Both types have their advantages and disadvantages. Leather has a better aesthetic appeal, whereas kydex is far more utilitarian. Kydex resists stains, cuts, and abrasions, whereas leather requires periodic maintenance. Leather doesn’t catch on edges or wear holes in cover garments. Kydex is impervious to sweat, rain, and mud. Both types have their strong points and their weak points, and the choice of one material over another often comes down to personal preference.

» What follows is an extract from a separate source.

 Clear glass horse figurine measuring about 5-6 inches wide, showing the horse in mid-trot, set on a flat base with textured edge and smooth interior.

The holsters discussed in this article are both outside the waistband (OWB) holsters for the Smith & Wesson J-frame revolver. The leather holster was made for me by a friend who was trying his hand at leatherworking. The kydex holster is made by Fobus of Israel. The leather holster has a standard metal belt clip and the kydex holster has a paddle clip that attaches over a belt. The kydex holster has an adjustable cant. Using a Philips screwdriver, the holster can be loosened, positioned where the user desires, and tightened in place.

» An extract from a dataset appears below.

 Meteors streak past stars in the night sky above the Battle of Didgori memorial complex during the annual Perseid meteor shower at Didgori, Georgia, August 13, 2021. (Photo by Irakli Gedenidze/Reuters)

Both holsters perform the primary function of keeping the pistol secure and positioned where desired on the belt. The kydex holster is specifically molded to the Smith & Wesson J-frame revolver with a 2-inch barrel and it does not fit with other revolvers of similar size. Even the Smith & Wesson Bodyguard 38, built to very similar dimensions as the J-frame, will not fit. The leather holster has a bit more give to it and can accommodate revolvers such as the Bodyguard 38 and the Ruger LCR.

The kydex holster has the edge on retention, but does the job a little too well. While the revolver is held firmly in place, drawing requires slow, deliberate motions to release the pistol from the holster. This would be an excellent holster to use if you are involved in strenuous activity, but it comes at the expense of being able to draw quickly. The leather holster has slightly less grip to it, but allows for a fast, fluid draw without catching or pulling. It still holds the firearm firmly, but relies more on the molded leather than friction to hold it in place.

So which is better?
Both holsters have their place in the holster drawer. Both holsters have positives and negatives that should weigh in the decision of which material to choose for a concealed or open carry holster.

Retention: The kydex holster has the edge in retention. It was not about to let go of the J-frame sitting inside. If there’s a lot of running, jumping, or bouncing involved, choose the kydex holster.

Speed of Draw: The leather holster is considerably easier when it comes to the draw, allowing a smooth and fluid presentation from the holster.

Durability: Kydex holster again has the upper hand in durability. It is stain proof, nearly impervious to damage, and resists crushing.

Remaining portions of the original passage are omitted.